Love is commitment. Love is sacrifice. Love will require something of you; perhaps more than you may want to give.

You can love someone you don’t like. You can love a person who irritates the snot out of you. You can love someone who has hurt you badly. When Jesus told us to love our enemies, He certainly didn’t mean we had to have affectionate feelings toward them. (He also didn’t mean we had to agree with their choices, applaud their actions, or remain “neutral” about things.)

If you try to live your life being totally directed by your feelings, you will be perpetually dissatisfied.

You can love someone in precisely the same moment that you feel like smacking them upside the head. (Don’t smack people!) You can choose to love even when all the romantic feelings are gone. You can choose to love when you’re exhausted or angry.

Listen to Thomas Aquinas: “Love is willing the good of the other, as other.” That means willing (choosing!) what is truly good for the other person, strictly for their own sake. Not because it’s good for you. That also means if it’s not good for that person, or simply not good, it would not be love to want it for them, no matter how badly they may want it. If it’s not good, it would not be love for anyone else to want it for you.

I’m speaking of objective good here. Just because something makes you feel good doesn’t mean it’s good for you. The fact that a person may strongly desire something doesn’t mean it’s automatically good, or that they are entitled to have it. Again, there is objective moral good. If it contradicts the natural and moral law, then — by definition — it is not good.

Love is Not a Feeling

This concept runs entirely opposite to everything the culture is currently telling you. I realize that. The tyranny of Feelings says that you should be able to have and do everything that makes you feel good, makes you happy, satisfies your desires — and no one should be able to tell you no. What’s right for you, and all that.

The culture is wrong. If you try to live your life being totally directed by your feelings, you will be perpetually dissatisfied. You won’t be happy, and you’ll likely inflict damage on other people as well. If you expect love to always be easy, to always feel wonderful, and to satisfy all your wants, then you are practically guaranteed a life of discontentment.

Don’t spend your life chasing after feelings. Pursue love instead. Life really is all about love.

How can I guarantee this? Because Love is a choice. Love is not a feeling.

When you choose to love, especially when it’s contrary to your feelings, love will transform you along the way. When you make the painful sacrifices of love, you’ll be changed for the better. You’ll find you have solid rock beneath your feet — when everything else is constantly shifting.

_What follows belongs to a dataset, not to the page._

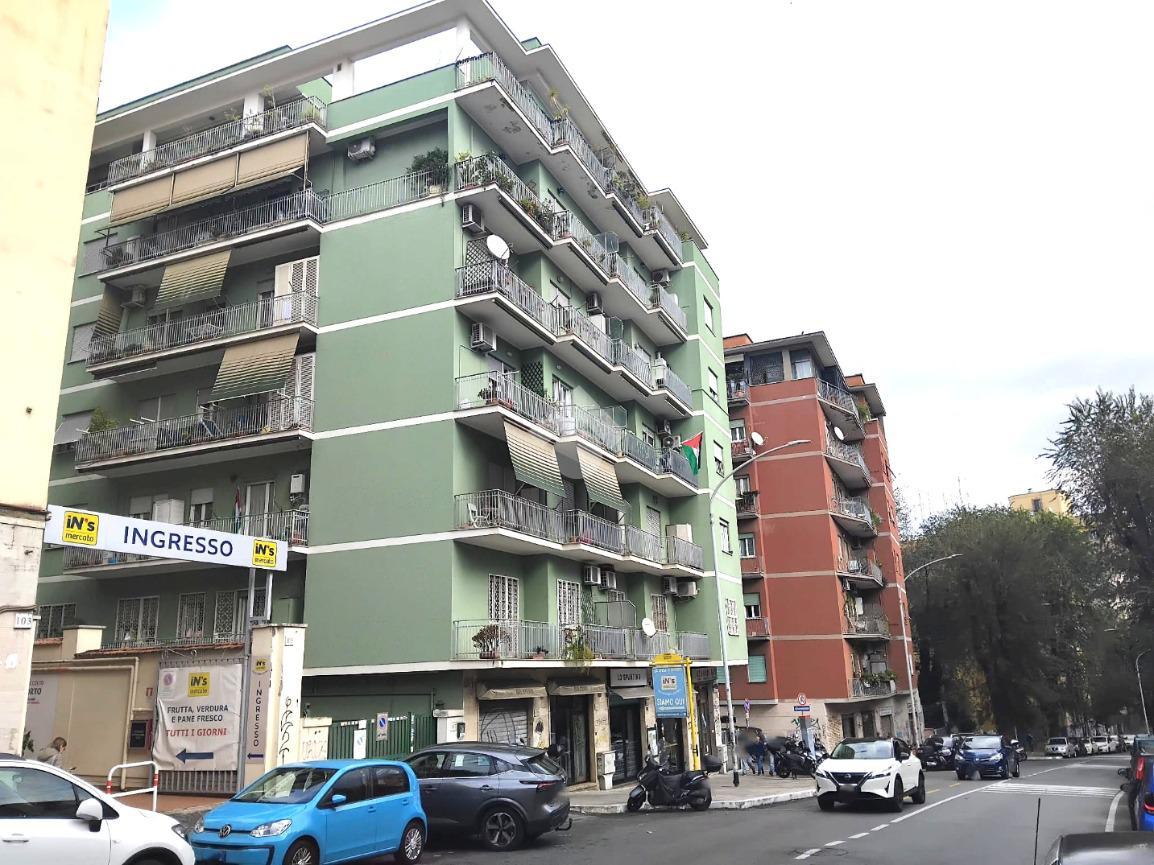 Negozio in Via Federico Ozanam 109, Roma, {3} - Foto 1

Ultimately, the greatest expression of love is a Cross. Greater love hath no man than this — to lay down his life for a friend. That is why we can trust, beyond any shadow of any doubt, the love of God for us. Jesus gave His life for us while we were God’s enemies, not friends. Jesus did that because He is love Incarnate, meaning in the flesh. He, Himself, is Love. It is because He loves us that we are able to love.

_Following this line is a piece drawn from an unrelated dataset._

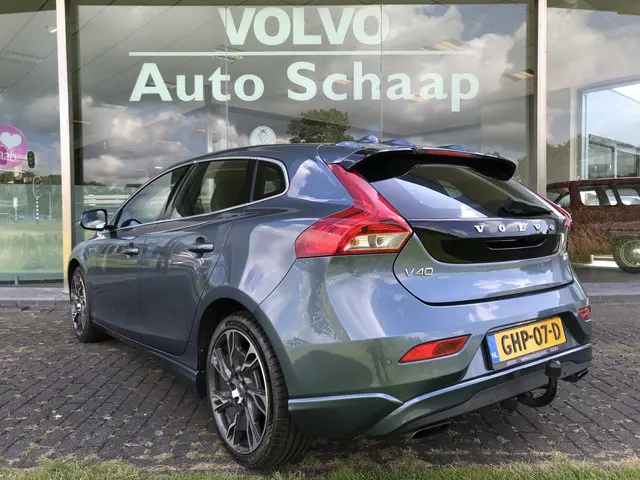 Volvo V40 1.6 T3 Summum 2012 Benzine 3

Don’t spend your life chasing after feelings. Pursue love instead. Life really is all about love.

Today’s parting thought:

“To fall in love with God is the greatest romance;
to seek Him the greatest adventure;
to find Him, the greatest human achievement.”
— St. Augustine

(**Now hear this: Love does not require you to endure abuse — physical, sexual, emotional or any other kind. Love does not mean you must allow yourself to be harmed.

Ladies, you especially please hear me: Your “love” isn’t going to change an abusive guy into a prince. He’s not a poor, misunderstood soul who just needs someone to believe in him and stand by him. Real men don’t hurt women. Real men don’t emotionally manipulate women. Real men don’t threaten, and they aren’t control-freaks. Real men use their strength to protect, not to intimidate. He doesn’t love you if he’s treating you this way. Don’t believe a word he says! This is not love! (Remember Aquinas’s definition above!) You must wise up. You must use your head to guard your heart and your life.)